Coroutines provide a way to slice a function in many shorter calls and optionally return intermediate results. On each call, the function execution is resumed to the point where it stopped previously, with all locals being properly restored with the value they had at this time.

  • Coroutines are often compared to threads. Indeed, when there are more threads than CPU cores, the operating system slices threads' execution into many little time frames and sequentially runs them in order to achieve multitasking.
  • However while coroutines allows you to implement cooperative multitasking (the coroutines need to explicitly give the hand back), they cannot be used for preemptive multitasking or to use more than one system thread or CPU Core.
  • As a result, coroutines are rather used as syntactic sugar (mostly to write iterators), or as a way to split a long function execution across many frames (through Context.SetUpdate).

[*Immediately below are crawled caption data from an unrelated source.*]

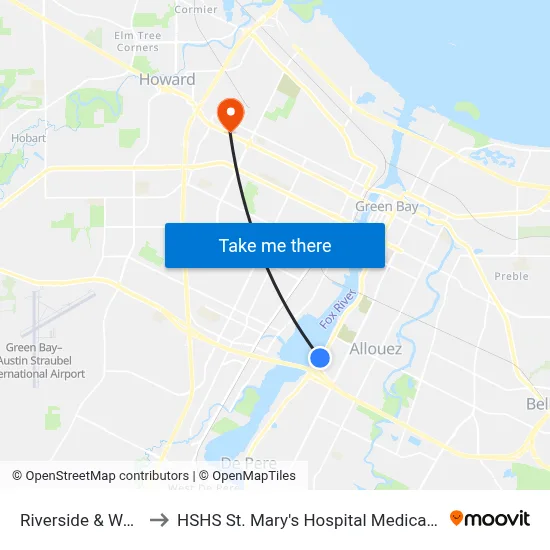 Riverside & Warren to HSHS St. Mary's Hospital Medical Center map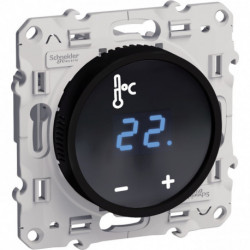Thermostat Schneider Electric Odace fil pilote a ecran Tactile Noir 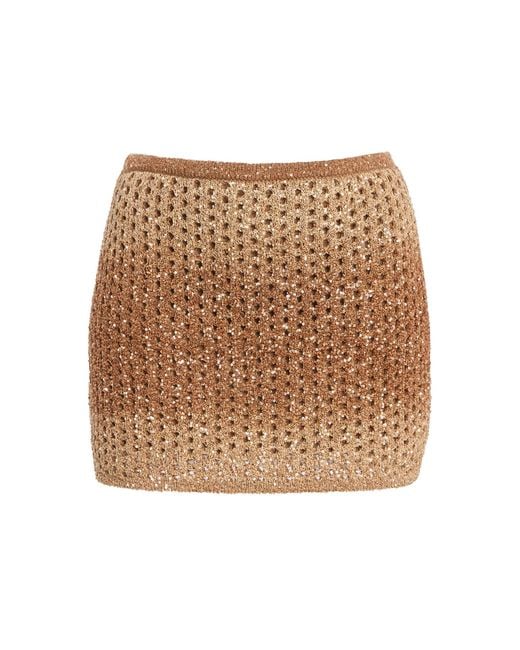 Ulla Johnson Natural Giulia Sequined Knit Mini Skirt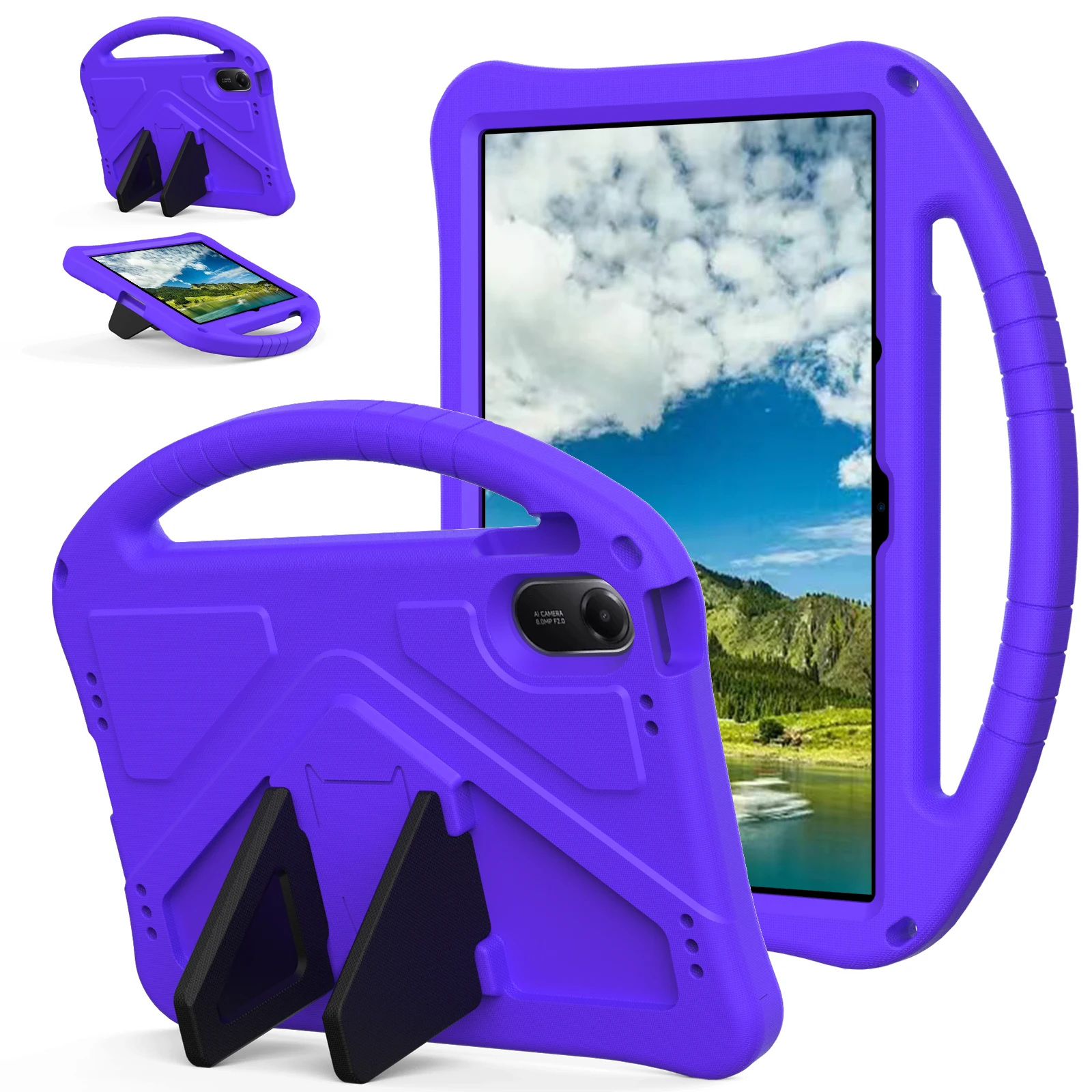 

For Xiaomi Redmi Pad 2 Case EVA Tablet Cover with Handle Kickstand Children Friendly - Purple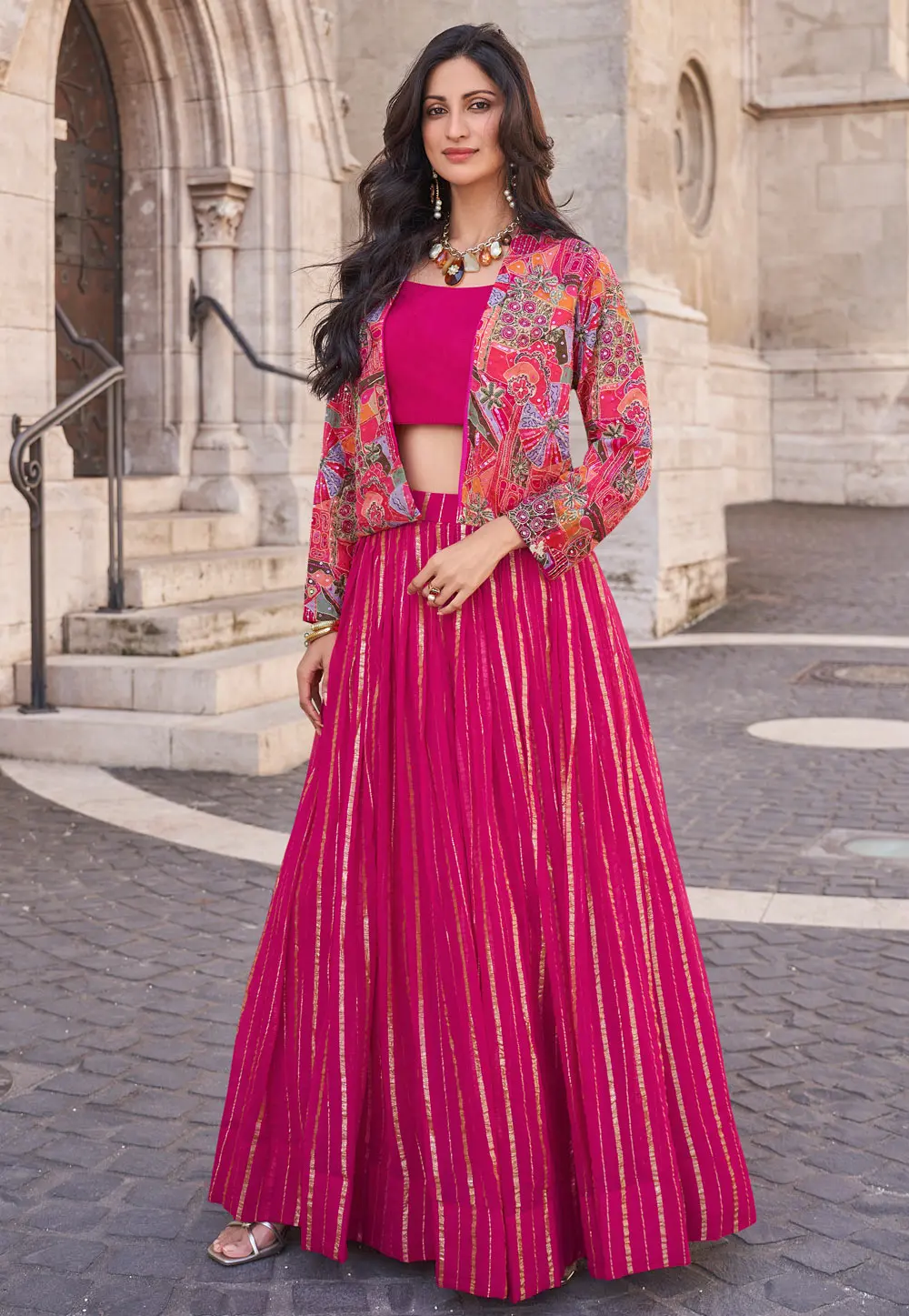 Magenta Viscose Indo Western Lehenga Choli 298559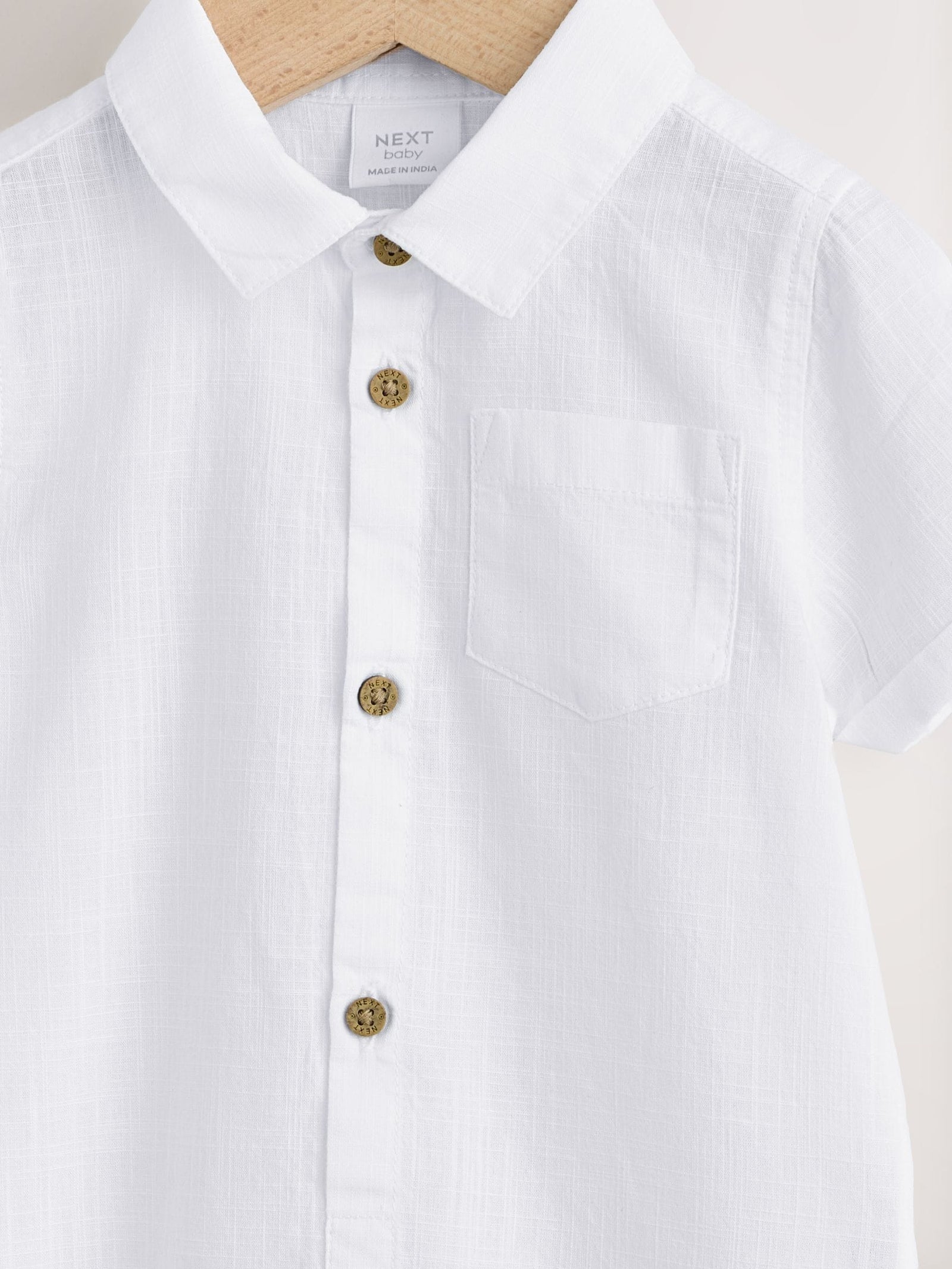 White Short Sleeve Baby Shirt Bodysuit (0mths-3yrs)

The following methods are mainly used:

  • coroutine coroutine.create(function func) creates a coroutine for the specified function. The function signature can be anything.
  • bool, ... coroutine.resume(coroutine co, ...) resumes the coroutine with the specified arguments. Then it returns either true followed by the returned results (either though return or yield), or false followed by an error message.
  • string coroutine.status(coroutine co) returns either "running" (the active coroutine), "normal" (a parent of the active coroutine), "suspended" (not started or waiting to be resumed) or "dead" (finished or threw an error).
  • coroutine.yield(...) suspends the execution of the running coroutine and gives the hand back to the caller of coroutine.resume. The arguments will be returned by coroutine.resume.


Here is a base example:

function neighborsCoroutine(plot)
    for i = 0, 5 do   
        coroutine.yield(Map.PlotDirection(plot:GetX(), plot:GetY(), i))
    end
end

local co = coroutine.create(neighborsCoroutine)
while coroutine.status(co) == "suspended"
    local _, neighbor = co.resume(plot)
    -- Do something with plot
end

Here is how to transform it into an iterator:

function neighbors(plot)
    local co = coroutine.create(neighbors)
    return function()
        if coroutine.status(co) ~= "suspended" then return end
        return select(2, coroutine.resume(plot))
    end
end

for neighbor in neighbors(plot) do
    -- Do something with plot
end

Here is an example that spreads a long function call across many frames:

function SpreadAcrossFrames(longFunctionCall, ...)
    local co = coroutine.create(longFunctionCall)
    ContextPtr.SetUpdate(function()
        coroutine.resume(unpack(arg))
        if coroutine.status(co) ~= "suspended" then
            ContextPtr:ClearUpdate()
        end
    end)
end

SpreadAcrossFrames(SomeLongFunction, arg1, arg2)


Design philosophy for Lua

Do not use a butter knife as you would use a chainsaw (the opposite is even more true and usually ends up badly). When designing your code, remember that:

  • Lua is not an object language. While you can use objects and inheritance in some extent, you do not have to and there may be better alternatives sometimes.
  • Lua is not a functional language. While you can use lambdas and similar concepts, you do not have to and there may be better alternatives sometimes.
  • Lua is a multi-paradigm and dynamic language, take advantage of those.
  • Lua is very suited for prototyping and small programs, and this is perfect for mods. Try to adjust your mindset: you're not writing a framework that a whole team will still use and maintain in twenty years.